In the triangle $ABC$ $R = \frac56 BH = \frac52OH$. Find the angles $ACB$ or $BAC$ 
In the triangle $ABC$, the height $BH$ is drawn, the point $O$ is the center of the circle circumscribed about it, the length of its radius $R$. Find the smallest of the angles $ACB$ and $BAC$, expressed in radians, if it is known that $R = \frac56 BH = \frac52OH$

My work so far:

1) In triangle $BOH$ $BO=R, BH=\frac65R, OH=\frac25R$. Then I can to find $\angle BOH, \angle BHO$ and $\angle OBH$
2) I proved that $\angle ABH= \angle OBC=90^{\circ}-\alpha$, where $\alpha=\angle A$
 A: The hint.
In $\Delta HOB$ we know that $OH=\frac{2}{5}R$, $BH=\frac{6}{5}R$ and $BO=R$.
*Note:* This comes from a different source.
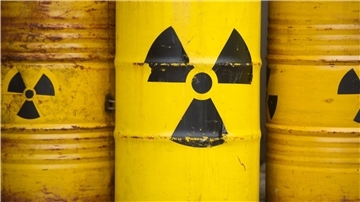 Mit gelben Tonnen und dem Radioaktiv-Zeichen demonstrieren Greenpeace-Aktivisten gegen Atommüllendlager.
Thus, by law of cosines we obtain $$\cos\cos\measuredangle HBO HBO=\frac{1+\frac{36}{25}-\frac{4}{25}}{2\cdot\frac{6}{5}},$$
which gives
$$\cos\measuredangle HBO=\frac{19}{20}.$$
In another hand, $\cos\measuredangle HBO=|\alpha-\gamma|$, which gives
$$\cos(\alpha-\gamma)=\frac{19}{20}.$$
Now, $$BH=c\sin\alpha=2R\sin\alpha\sin\gamma.$$
Thus, $$R=\frac{5}{6}\cdot2R\sin\alpha\sin\gamma$$ or
$$\sin\alpha\sin\gamma=\frac{3}{5}.$$
I hope the rest is smooth because
$$\cos(\alpha+\gamma)=\frac{19}{20}-2\cdot\frac{3}{5}=-\frac{1}{4}.$$
I got the following value.
$$\frac{\pi}{2}-\frac{\arccos\frac{19}{20}+\arccos\frac{1}{4}}{2}.$$
A: Another approach.  Let $S$ be the foot of $O$ on $AC$.  We know that $AC=2AS$. First calculate $\angle BHO$. Then from $\triangle HSO$ find $HS$ and $OS$. From $\triangle OSC$ we now can find $SC$ (Pythagoras) which is equal to $AS$. Now $AH=SC-SH$ and find $\angle\alpha$ from $\triangle AHB$.
As we know $AC$, use $2R=\dfrac{AC}{\sin(\beta)}$ to find $\beta$.  As we know $\alpha$ and $\beta$, we also know $\gamma$.